Superati alcuni paesini, pedalando quasi sempre su strade poco trafficate e su piste ciclabili, si arriva a Buja: storico centro collinare, celebre tra l’altro per avere dato i natali ad alcuni dei più bravi incisori della Zecca di Stato. Per ricordarli, sul panoramico monte che sormonta i borghi che costituiscono il comune di Buja, è stato realizzato il Museo della Medaglia. Per gli amanti della mountan bike, da Buja è possibile raggiungere Udine seguendo il percorso naturalistico della Valle del Cormor.

Procedendo lungo il tracciato di recente tabellato, appena oltre Buja si incontrano le colline moreniche: tre cerchie di alture che si sono formate dal progressivo ritiro dei ghiacciai del Tagliamento alcune decine di migliaia di anni fa. Questa è giustamente considerata una delle zone più belle del Friuli: le dolci colline sono spesso ricoperte da boschi e si incontrano di frequente caratteristici borghi rurali, chiese, storiche ville padronali e antichi manieri. I cicloturisti in questa parte dovranno affrontare di nuovo qualche salita ma la bellezza dei luoghi aiuterà ad affrontare gli sforzi.

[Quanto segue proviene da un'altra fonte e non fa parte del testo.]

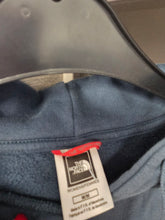 Charger l'image dans la galerie, Pull bleu north face taille m

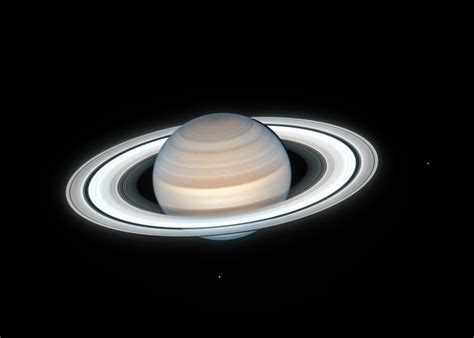 Astrophotographer Captures Unreal Photo Of Saturn During Its Closest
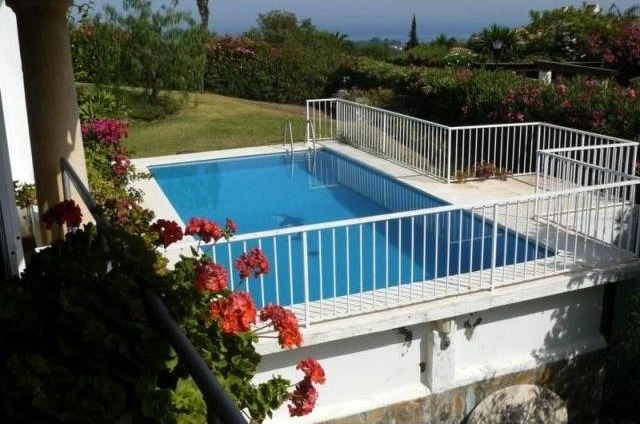 2 bedroom semi-detached villa for sale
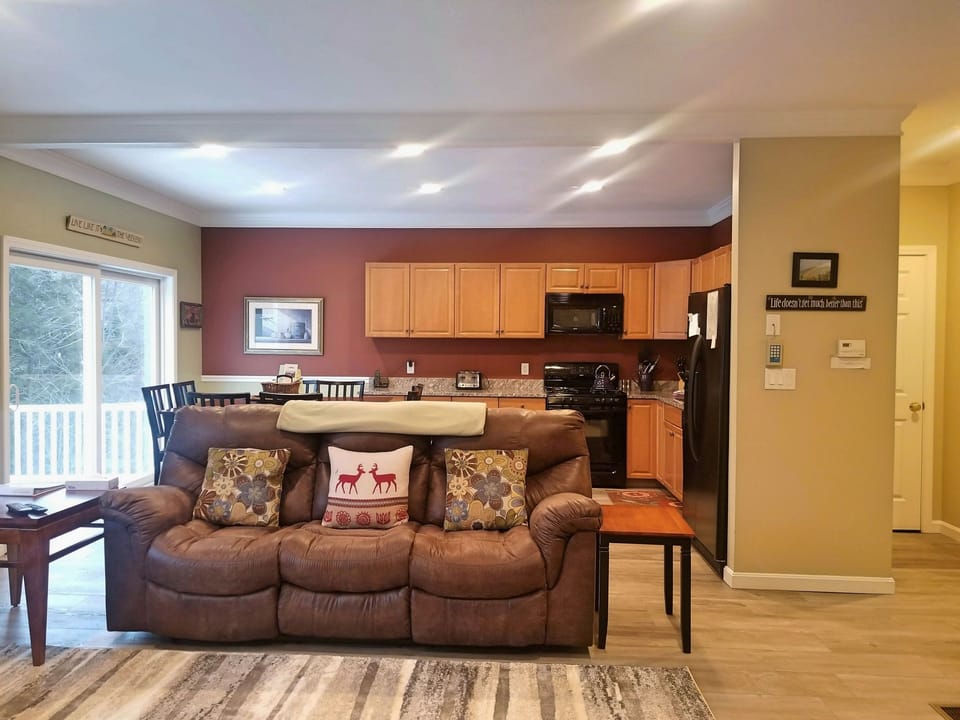 Living/Kitchen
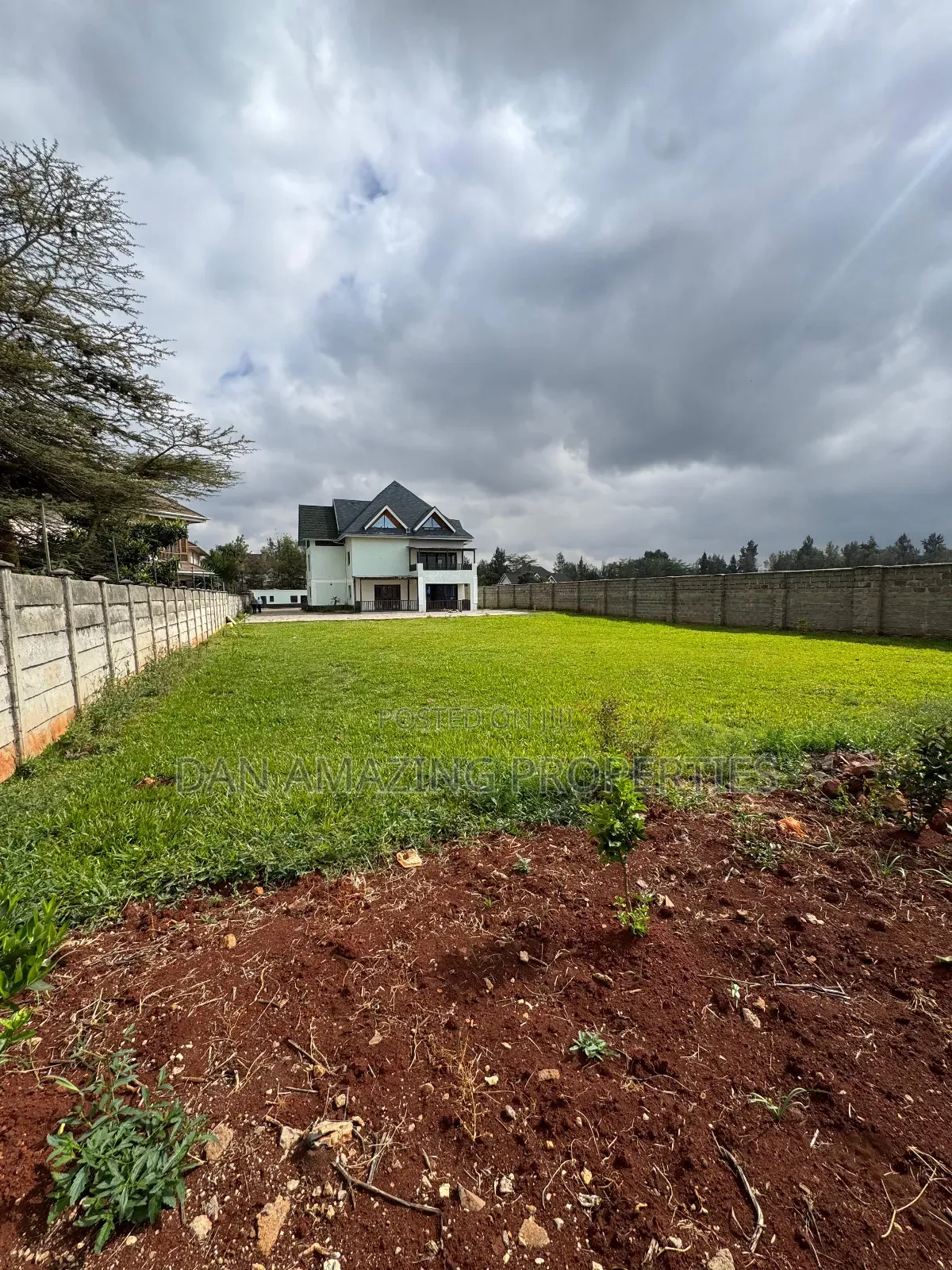 6bdrm Maisonette in Karen Plains On 3/4 for sale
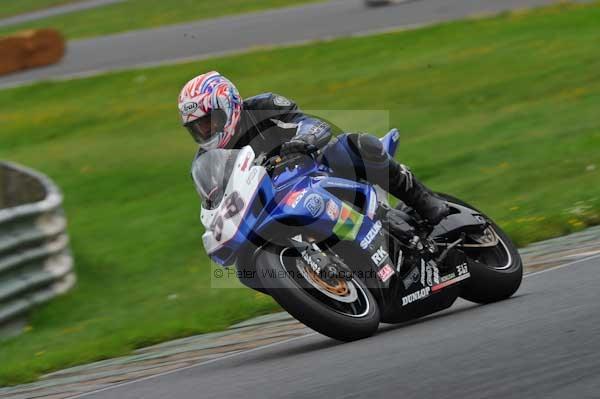 Mallory park Leicestershire;Mallory park photographs;Motorcycle action photographs;event digital images;eventdigitalimages;mallory park;no limits trackday;peter wileman photography;trackday;trackday digital images;trackday photos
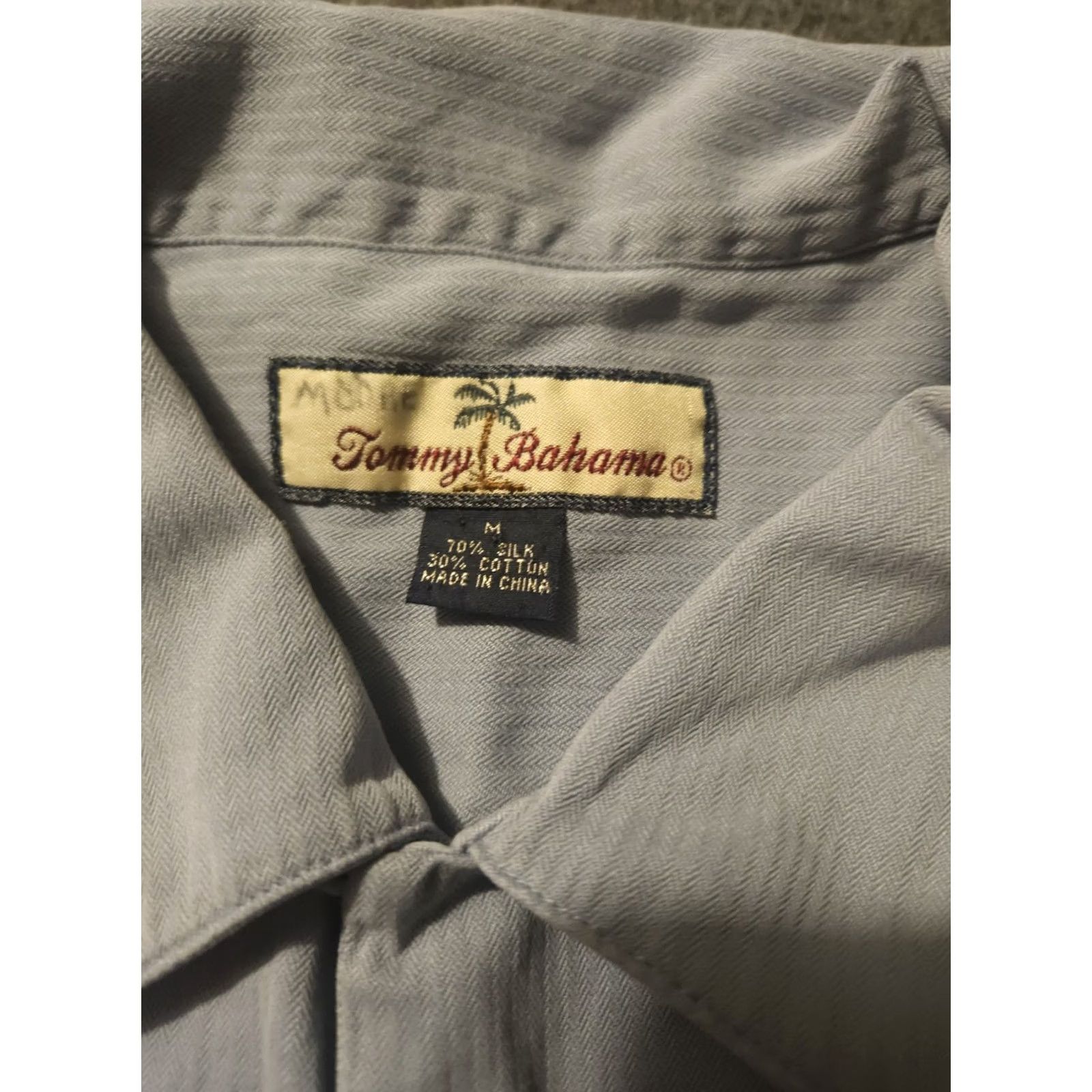 Tommy Bahama VINTAGE Tommy Bahama Button-Up Shirt Men M Blue Silk Blend Cork Button Short Sleeve Pants? Size US M / EU 48-50 / 2 - 2 Thumbnail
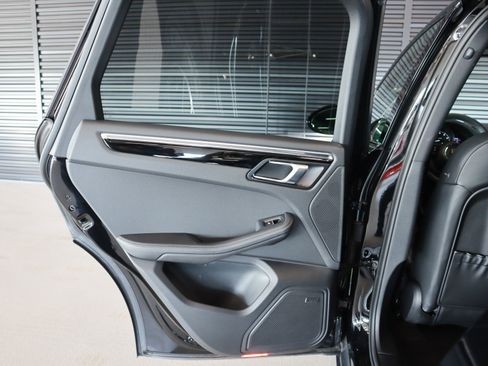 Used 2025 Porsche Macan image 26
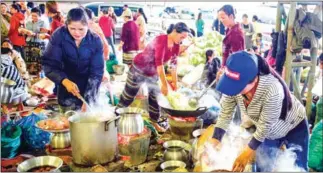  ?? REPORTING BY AFP YE AUNG THU/AFP ?? Volunteers on Wednesday prepare meals for displaced residents seeking shelter in Paksong town, Champasak province following massive flooding from a collapsed dam.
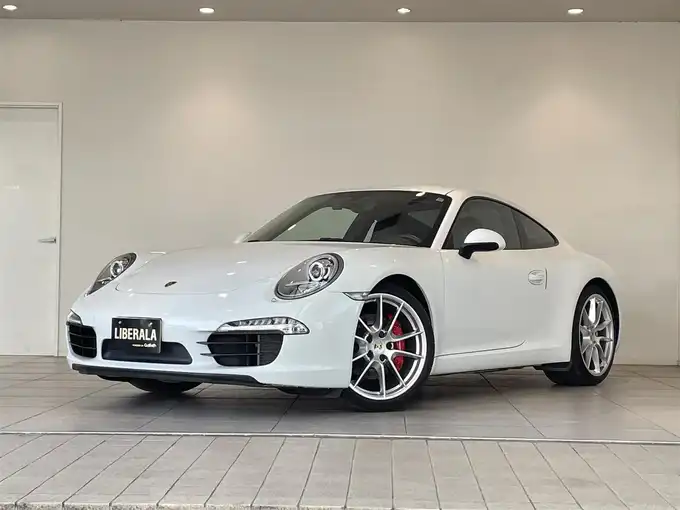 新着情報“９１１911カレラS”2012年式白入荷しました！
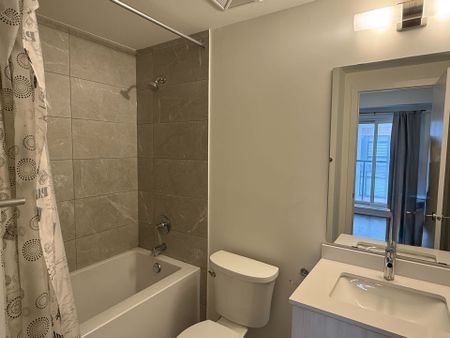 For Lease - 2 Steckley House Lane Unit# 924, Richmond Hill, Ontario - Photo 4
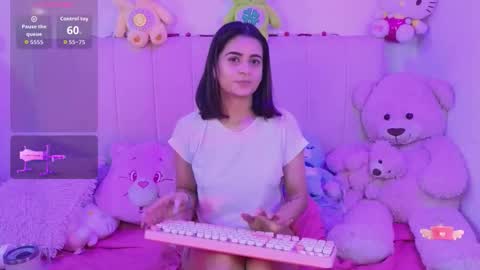 bella_thixx online show from March 14, 5:13 am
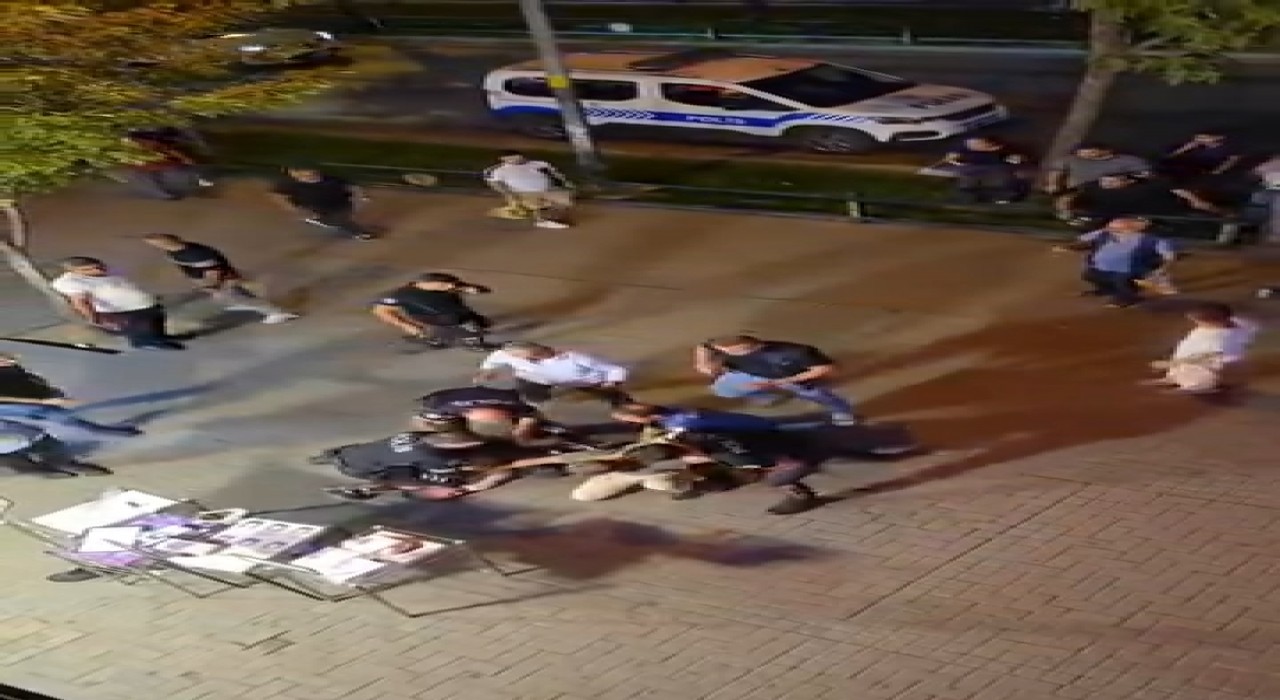 Bursada meydan muharebesi gibi kavga : 4 yaralı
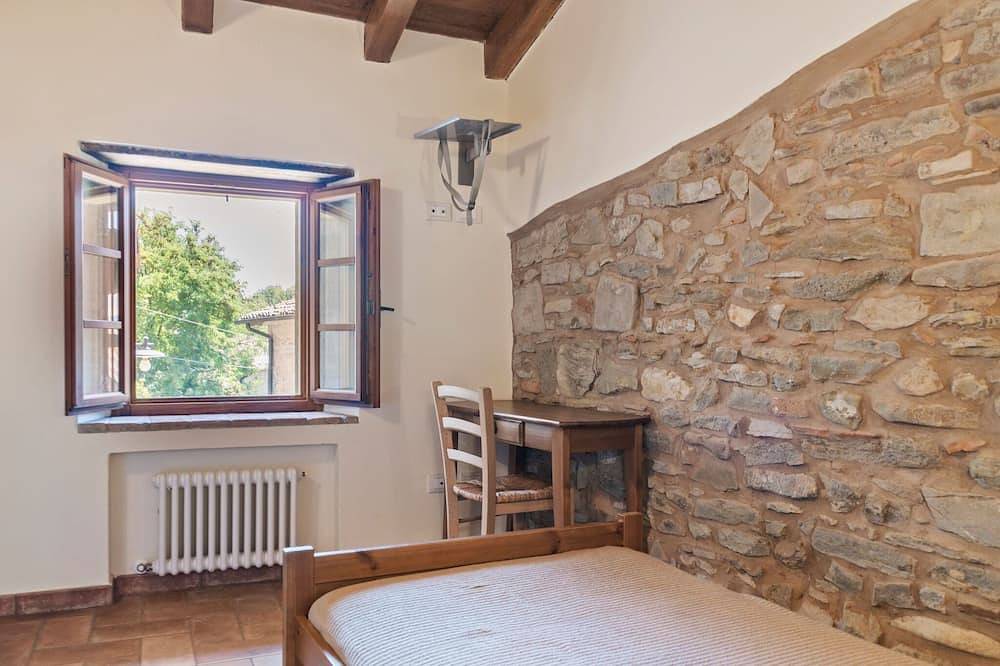Ruhiger Dorfaufenthalt mit Kamin in Castellarano, Reggio Emilia Provinz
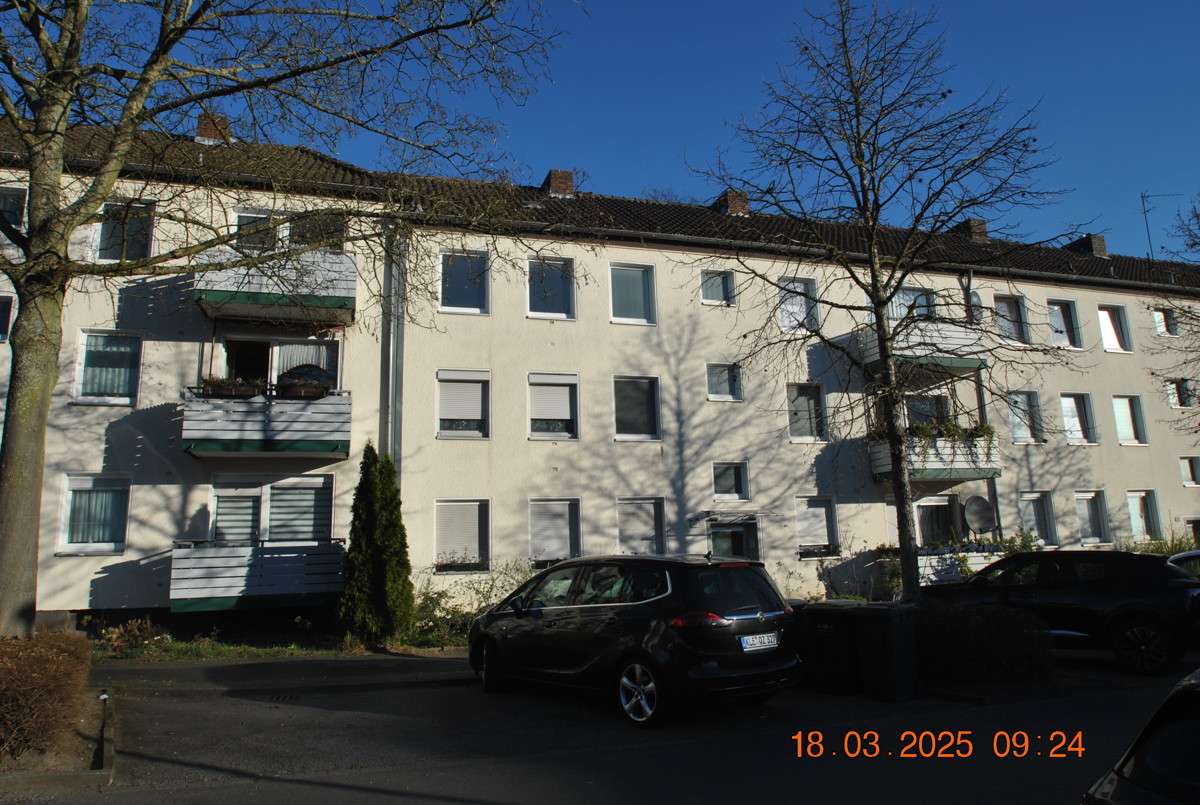 Thumbnail-Wohnung zum Kaufen in Essen 66.000,00 € 60 m²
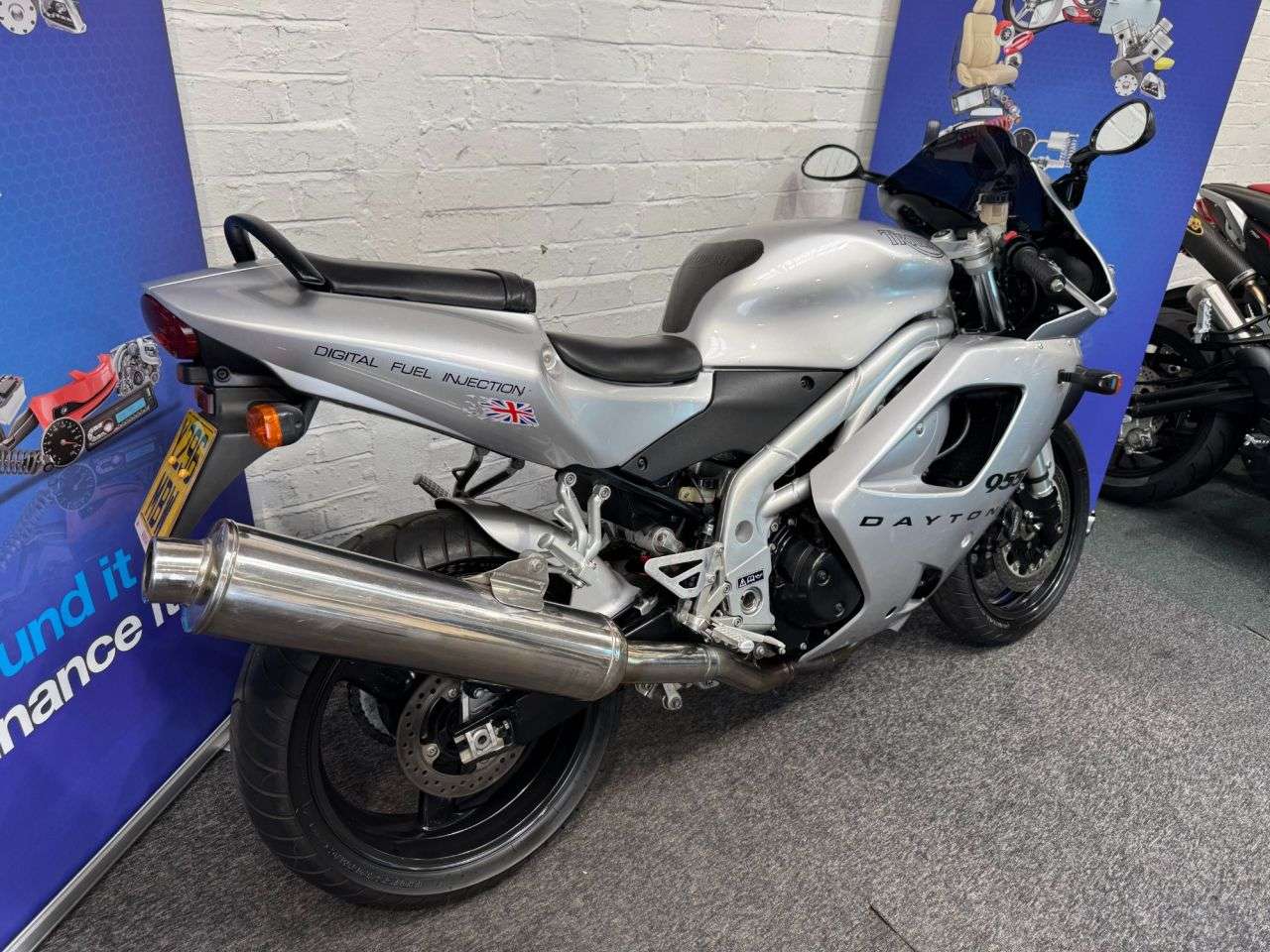 2001 TRIUMPH DAYTONA 955 2001 TRIUMPH DAYTONA 955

Correndo quasi sempre su strade asfaltate e poco trafficate si attraversano i comuni di Treppo Grande, Cassacco e Tricesimo fino ad arrivare a Tavagnacco dove le colline moreniche degradano verso la pianura. Pedalando in discesa sulla pista ciclabile che scende verso Tavagnacco, è possibile ammirare da una posizione rialzata la città di Udine e la pianura che la circonda. Proseguendo prevalentemente su piste ciclabili, si giunge in breve al Parco del Cormor, da cui una serie di piste ciclabili ci condurrà attraverso la periferia del capoluogo friulano fino al centro storico. Da non perdere una visita di Udine: alla scoperta dei notevoli edifici realizzati dalla Serenissima, dell colle sormontato dal castello cittadino e di molti altri edifici di notevole interesse storico oltre, ovviamente, alle Gallerie del Tiepolo.